Le juge administratif peut donner la parole à toute personne intéressée au litige (et non seulement aux parties).

 


 

Voici confirmée par le Conseil d’Etat une pratique relativement courante.

Qu’une partie puisse exposer à l’audience ses observations orales (au delà du fait de renvoyer à ses écritures), c’est non seulement une pratique qui se répand depuis au moins la réforme entrée en vigueur en 2001, mais c’est de droit.

Qu’il en aille de même pour les « intervenants » (forcés ou volontaires) à l’audience, c’est normal et de droit.

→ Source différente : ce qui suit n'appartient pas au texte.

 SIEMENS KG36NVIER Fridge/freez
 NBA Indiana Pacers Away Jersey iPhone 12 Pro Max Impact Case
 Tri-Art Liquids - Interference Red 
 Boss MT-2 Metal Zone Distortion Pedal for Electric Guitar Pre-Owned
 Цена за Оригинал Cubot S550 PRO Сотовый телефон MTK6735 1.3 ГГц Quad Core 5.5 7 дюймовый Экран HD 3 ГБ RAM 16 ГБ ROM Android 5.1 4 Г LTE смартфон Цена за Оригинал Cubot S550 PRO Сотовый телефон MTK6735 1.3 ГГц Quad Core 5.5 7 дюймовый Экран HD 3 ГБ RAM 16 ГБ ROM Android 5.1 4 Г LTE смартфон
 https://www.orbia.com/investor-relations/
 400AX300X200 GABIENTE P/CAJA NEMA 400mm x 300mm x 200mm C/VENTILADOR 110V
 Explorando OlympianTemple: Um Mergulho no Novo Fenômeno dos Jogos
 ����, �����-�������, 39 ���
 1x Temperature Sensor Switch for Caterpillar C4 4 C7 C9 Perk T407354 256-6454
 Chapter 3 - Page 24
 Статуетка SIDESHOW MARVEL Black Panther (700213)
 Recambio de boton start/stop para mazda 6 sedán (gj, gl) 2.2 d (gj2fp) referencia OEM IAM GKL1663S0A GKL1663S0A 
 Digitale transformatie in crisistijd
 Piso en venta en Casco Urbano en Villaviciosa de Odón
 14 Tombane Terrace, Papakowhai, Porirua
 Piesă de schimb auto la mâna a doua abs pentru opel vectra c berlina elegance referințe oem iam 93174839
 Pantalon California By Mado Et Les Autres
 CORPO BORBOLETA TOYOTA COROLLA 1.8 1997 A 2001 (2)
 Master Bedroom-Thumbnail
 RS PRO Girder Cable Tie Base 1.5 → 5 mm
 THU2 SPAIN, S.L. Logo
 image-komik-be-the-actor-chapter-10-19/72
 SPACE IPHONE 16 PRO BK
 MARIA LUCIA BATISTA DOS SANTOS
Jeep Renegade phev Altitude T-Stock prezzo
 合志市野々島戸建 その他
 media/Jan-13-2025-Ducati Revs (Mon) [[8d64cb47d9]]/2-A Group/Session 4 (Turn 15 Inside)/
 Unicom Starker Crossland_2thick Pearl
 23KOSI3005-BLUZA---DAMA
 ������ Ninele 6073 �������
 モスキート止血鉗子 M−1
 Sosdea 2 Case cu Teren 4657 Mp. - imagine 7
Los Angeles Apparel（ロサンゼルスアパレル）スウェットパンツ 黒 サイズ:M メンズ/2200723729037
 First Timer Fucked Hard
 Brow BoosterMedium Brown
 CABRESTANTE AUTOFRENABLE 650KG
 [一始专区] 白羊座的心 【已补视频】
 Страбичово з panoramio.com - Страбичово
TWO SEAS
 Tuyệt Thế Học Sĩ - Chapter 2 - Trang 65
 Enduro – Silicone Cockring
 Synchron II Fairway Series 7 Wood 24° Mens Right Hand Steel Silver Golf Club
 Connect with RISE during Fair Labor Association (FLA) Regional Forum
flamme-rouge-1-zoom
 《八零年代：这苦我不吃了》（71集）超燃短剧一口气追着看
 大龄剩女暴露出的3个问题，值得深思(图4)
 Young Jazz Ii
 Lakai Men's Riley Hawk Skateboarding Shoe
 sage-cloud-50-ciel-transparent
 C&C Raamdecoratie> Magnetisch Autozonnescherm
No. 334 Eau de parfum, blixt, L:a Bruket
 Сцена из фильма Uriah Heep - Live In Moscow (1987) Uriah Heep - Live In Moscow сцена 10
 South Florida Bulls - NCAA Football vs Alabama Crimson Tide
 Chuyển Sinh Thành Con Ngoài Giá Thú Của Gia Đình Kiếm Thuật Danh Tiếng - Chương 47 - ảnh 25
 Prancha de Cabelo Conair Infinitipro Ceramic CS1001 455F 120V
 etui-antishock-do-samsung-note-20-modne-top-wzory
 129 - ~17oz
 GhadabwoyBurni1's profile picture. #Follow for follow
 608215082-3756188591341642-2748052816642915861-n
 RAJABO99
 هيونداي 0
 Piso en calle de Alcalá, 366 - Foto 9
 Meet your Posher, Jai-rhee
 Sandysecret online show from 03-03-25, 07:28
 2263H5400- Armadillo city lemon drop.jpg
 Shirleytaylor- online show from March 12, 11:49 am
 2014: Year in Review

MAIS qu’en est-il des autres personnes qui sont intéressées à l’affaire mais qui par négligence, méconnaissance ou choix, ont décidé de n’être ni partie au procès (s’ils le peuvent) ni intervenants (ce qui, s’ils sont intéressés à l’affaire, sera souvent le cas) ?

L’oralité du contradictoire progressant à grands pas depuis presque 20 ans au niveau des juridictions administratives (sauf au CE bien sûr… sauf un petit peu, et encore, à l’endroit des avocats aux conseils), il n’est plus si rare de voir, même dans les audiences au fond, même à hauteur d’appel, des magistrats donner la parole à moult personnes présentes dans la salle. Pour des questions techniques, d’ailleurs, il peut en résulter de nombreux avantages.

Tel avait été le cas en l’espèce. Une commune n’avait pas formé appel d’un jugement concernant un de ses permis de construire et le litige s’était prolongé entre personnes physiques (voir ici CAA de NANTES, 5ème chambre, 09/01/2017, 16NT01348, Inédit au recueil Lebon).

Mais parole a été donnée par le Président de la formation de jugement de la CAA au représentant de la commune.

Le CE n’y a pas vu malice et le recueil des tables du Lebon traduira ainsi la légalité de cette intervention :

Si les dispositions de l’article R. 732-1 du code de justice administrative confèrent aux parties au litige le droit de présenter des observations orales, elles ne font pas obstacle à ce que le président de la formation de jugement autorise une autre personne intéressée au litige à prendre la parole au cours de l’audience.